Sertorius

Plutarch

Plutarch. Plutarch's Lives, Vol. VIII. Perrin, Bernadotte, translator. Cambridge, MA: Harvard University Press; London: William Heinemann Ltd., 1919.

He also added such devices as these. Whenever he had secret intelligence that the enemy had made an incursion into the territory which he commanded, or were trying to bring a city to revolt from him, he would pretend that the doe had conversed with him in his dreams, bidding him hold his forces in readiness. Again, when he got tidings of some victory won by his generals, he would hide the messenger, and bring forth the doe wearing garlands for the receipt of glad tidings, exhorting his men to be of good cheer and to sacrifice to the gods, assured that they were to learn of some good fortune.

By these devices he made the people tractable, and so found them more serviceable for all his plans; they believed that they were led, not by the mortal wisdom of a foreigner, but by a god. At the same time events also brought witness to this belief by reason of the extraordinary growth of the power of Sertorius.

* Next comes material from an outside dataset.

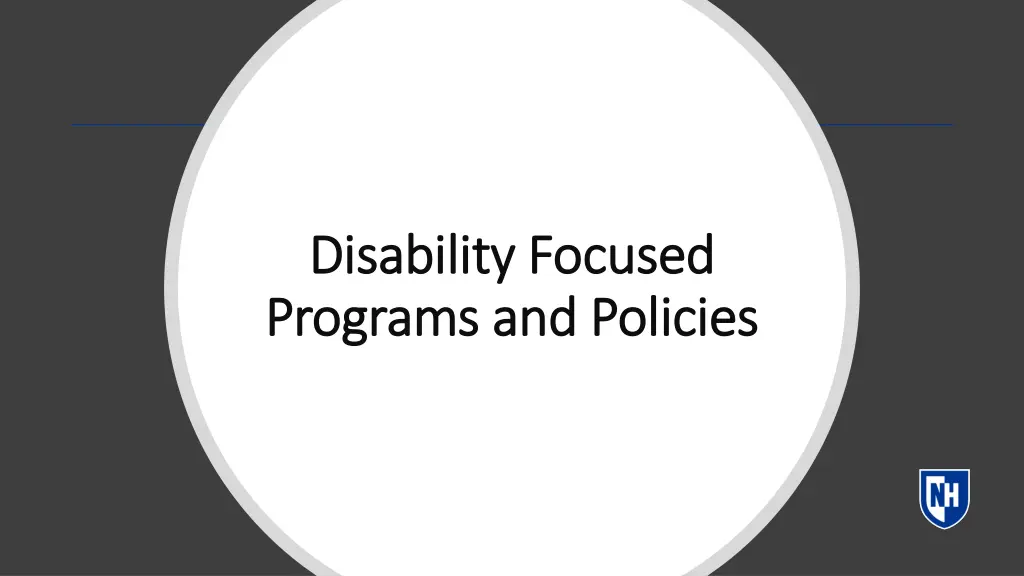disability focused disability focused programs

For with the twenty-six hundred men whom he called Romans, and a motley band of seven hundred Libyans who crossed over into Lusitania with him, to whom he added four thousand Lusitanian targeteers and seven hundred horsemen, he waged war with four Roman generals, under whom were a hundred and twenty thousand footmen, six thousand horsemen, two thousand bowmen and slingers, and an untold number of cities, while he himself had at first only twenty all told.